Number of LSP and ST Colonies following UVA Irradiation
In three cell strains (WT, XP-D, and TTD/XP-D), the relative numbers of LSP colonies were slightly decreased and the relative numbers of ST colonies were increased after UVA irradiation. The relative number of both LSP and ST colonies did not vary significantly in XP-C keratinocytes exposed at a UVA dose.
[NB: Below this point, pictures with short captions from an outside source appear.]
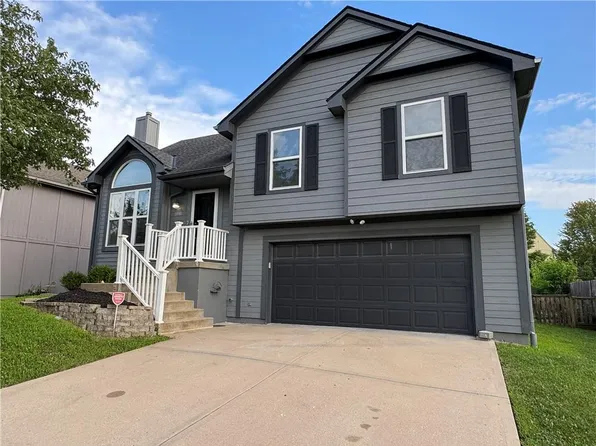 18881 W 160th Ter, Olathe, KS 66062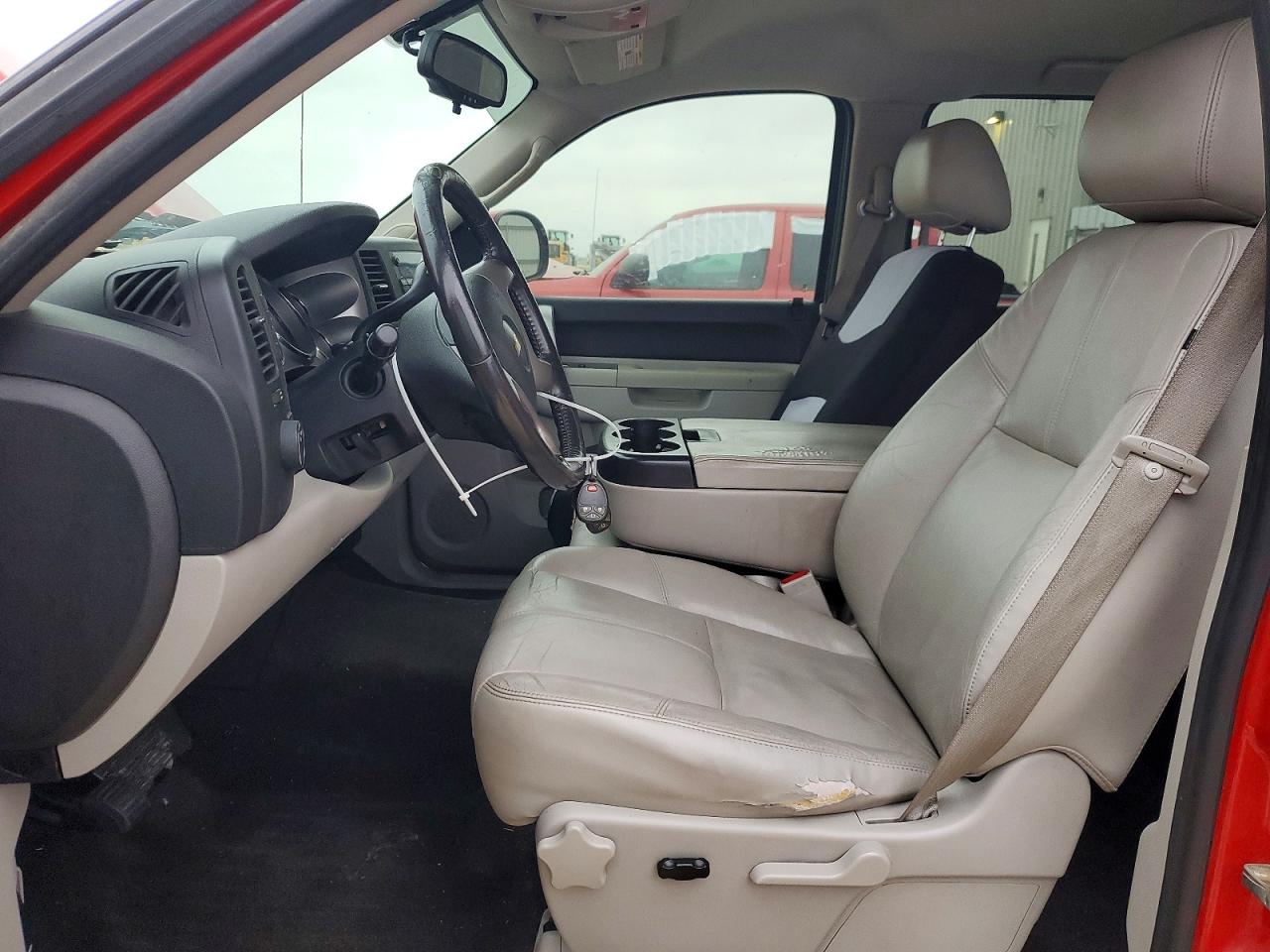 2011 Chevrolet Silverado C1500 Lt Red vin: 3GCPCSE04BG405643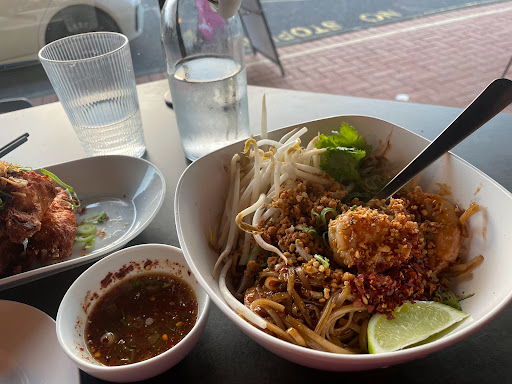 Ma Kin — Thai Street Eats - Thumbnail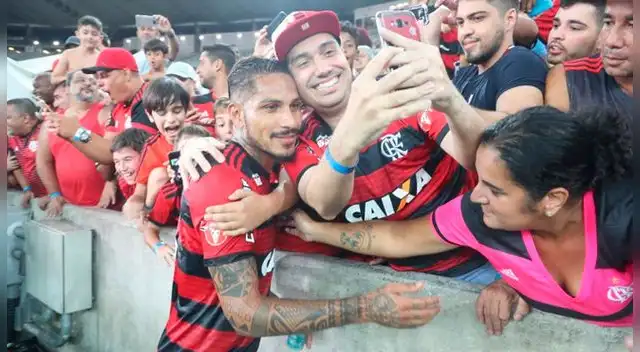 Paolo Guerrero posa junto a un hincha del Flamengo en el Maracaná.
Number of LSP and ST Colonies following UVB Irradiation
In three cell strains (WT, XP-D, and TTD/XP-D), the relative numbers of LSP colonies were significantly (WT, P < 0.05; TTD/XP-D and XP-D, P < 0.01) decreased with a maximum in XP-D keratinocytes (84.2%). The decrease of LSP colonies was accompanied by the increase of ST colonies, with the highest relative value in XP-D keratinocytes (179.8%). In XP-C keratinocytes, UVB irradiation did not induce a significant change in the relative numbers of LSP or ST colonies.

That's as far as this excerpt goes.